OBERST AMEN: Welche Ansichten haben Sie in dieser Besprechung vorgebracht?

LAHOUSEN: Ich habe auftragsgemäß den Standpunkt des Amtes Ausland Abwehr, also von Canaris, vertreten und habe erstens im wesentlichen auf die äußerst ungünstigen Auswirkungen dieser Maßnahmen auf die Truppen hingewiesen, im besonderen auf die Front, die den Befehl niemals verstehen würde; besonders der einfache Soldat würde ihn niemals verstehen. Außerdem hätten wir Berichte, daß die Exekutionen manchmal vor den Augen der Truppen stattfanden.

Zum zweiten habe ich die Bedenken meines Amtes vorgebracht, die die Tätigkeit der Abwehrabteilungen selbst betrafen, nämlich die ungünstigen Auswirkungen auf den Gegner, das heißt, praktisch das Verhindern des Überlaufens von Russen, die sich ohne Gegenwehr bis zum letzten ergeben hatten. Dann die großen Schwierigkeiten, die die Abwehrabteilungen bei der Gewinnung von Agenten hätten, also von Leuten, die aus irgendwelchen Gründen sich freiwillig bereit erklärt hatten, für die Deutschen zu arbeiten.

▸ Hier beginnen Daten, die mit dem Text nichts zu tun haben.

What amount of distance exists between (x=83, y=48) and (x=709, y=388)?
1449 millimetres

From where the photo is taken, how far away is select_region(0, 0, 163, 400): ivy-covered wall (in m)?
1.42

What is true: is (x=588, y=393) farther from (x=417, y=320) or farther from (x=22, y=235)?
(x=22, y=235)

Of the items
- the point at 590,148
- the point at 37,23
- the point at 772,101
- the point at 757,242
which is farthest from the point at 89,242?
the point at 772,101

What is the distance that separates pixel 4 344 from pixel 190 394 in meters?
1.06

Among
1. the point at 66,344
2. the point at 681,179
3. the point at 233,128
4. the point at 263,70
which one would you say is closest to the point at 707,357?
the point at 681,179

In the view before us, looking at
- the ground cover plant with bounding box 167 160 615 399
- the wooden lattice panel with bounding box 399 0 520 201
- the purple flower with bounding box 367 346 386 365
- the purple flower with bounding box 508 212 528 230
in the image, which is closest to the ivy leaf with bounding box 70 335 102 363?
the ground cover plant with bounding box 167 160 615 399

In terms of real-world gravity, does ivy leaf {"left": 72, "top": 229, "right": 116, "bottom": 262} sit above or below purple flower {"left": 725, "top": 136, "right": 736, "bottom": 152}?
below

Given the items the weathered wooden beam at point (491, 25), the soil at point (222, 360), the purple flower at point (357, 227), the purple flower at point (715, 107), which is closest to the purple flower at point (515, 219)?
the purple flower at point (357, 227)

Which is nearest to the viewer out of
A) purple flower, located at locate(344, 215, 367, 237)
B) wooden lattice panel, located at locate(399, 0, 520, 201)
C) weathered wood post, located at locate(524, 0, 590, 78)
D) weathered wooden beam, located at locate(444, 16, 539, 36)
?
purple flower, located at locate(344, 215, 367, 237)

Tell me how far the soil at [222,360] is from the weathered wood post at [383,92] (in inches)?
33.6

OBERST AMEN: Damit kein Mißverständnis im Verhandlungsbericht entsteht – denn ich glaube, die Übersetzung war etwas verworren – möchte ich ein paar dieser Argumente wiederholen lassen. Was haben Sie in dieser Besprechung über die Wirkung der Ausführung dieser Befehle auf russische Soldaten gesagt?

LAHOUSEN: Ich habe vor allem darauf hingewiesen, daß durch diese Befehle Elemente unter den russischen Soldaten, die geneigt wären, überzulaufen, davon abgehalten würden und zweitens, daß Leute, die sich aus irgendwelchen Gründen zu Diensten Deutschlands für die Abwehr angeboten hätten, auch davon abgehalten würden, und daß, in Summa, vor allem das Gegenteil von dem erreicht würde, was offensichtlich beabsichtigt war, nämlich, daß der Widerstandswille des russischen Soldaten, des Rotarmisten, bis zum äußersten gesteigert würde.

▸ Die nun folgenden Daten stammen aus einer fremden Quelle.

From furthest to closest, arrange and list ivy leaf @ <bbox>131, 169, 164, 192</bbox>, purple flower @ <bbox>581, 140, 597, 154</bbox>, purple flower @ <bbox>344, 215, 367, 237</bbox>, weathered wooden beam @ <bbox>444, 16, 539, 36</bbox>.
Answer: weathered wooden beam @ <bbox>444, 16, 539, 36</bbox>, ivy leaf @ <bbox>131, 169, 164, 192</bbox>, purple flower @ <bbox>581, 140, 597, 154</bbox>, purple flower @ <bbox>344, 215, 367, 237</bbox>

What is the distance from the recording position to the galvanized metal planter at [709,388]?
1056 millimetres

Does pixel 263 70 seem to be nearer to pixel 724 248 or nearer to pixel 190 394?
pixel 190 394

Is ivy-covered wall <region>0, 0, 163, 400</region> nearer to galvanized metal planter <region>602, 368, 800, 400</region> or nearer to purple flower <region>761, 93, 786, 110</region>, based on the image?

OBERST AMEN: Und damit es uns vollkommen klar ist, was sagten Sie über die Wirkung der Durchführung dieser Befehle auf deutsche Truppen?

LAHOUSEN: Ich habe gesagt, daß, wie uns aus vielen Berichten von der Front offenkundig geworden ist, die Wirkung auf die Moral, die Stimmung und nicht zuletzt die Disziplin der Truppe eine verheerende war.

OBERST AMEN: Gab es bei dieser Besprechung irgendwelche Erörterung über Völkerrecht?

LAHOUSEN: Nein. Über Völkerrecht wurde in diesem Zusammenhang nicht gesprochen. Es wurde noch auf die Art der Aussonderung unter den Kriegsgefangenen hingewiesen, die eine völlig willkürliche war, abgesehen von dem grundsätzlichen Befehl an sich.

OBERST AMEN: Darauf werden wir gleich zurückkommen. Wurden Ihre Ansichten in dieser Besprechung angenommen?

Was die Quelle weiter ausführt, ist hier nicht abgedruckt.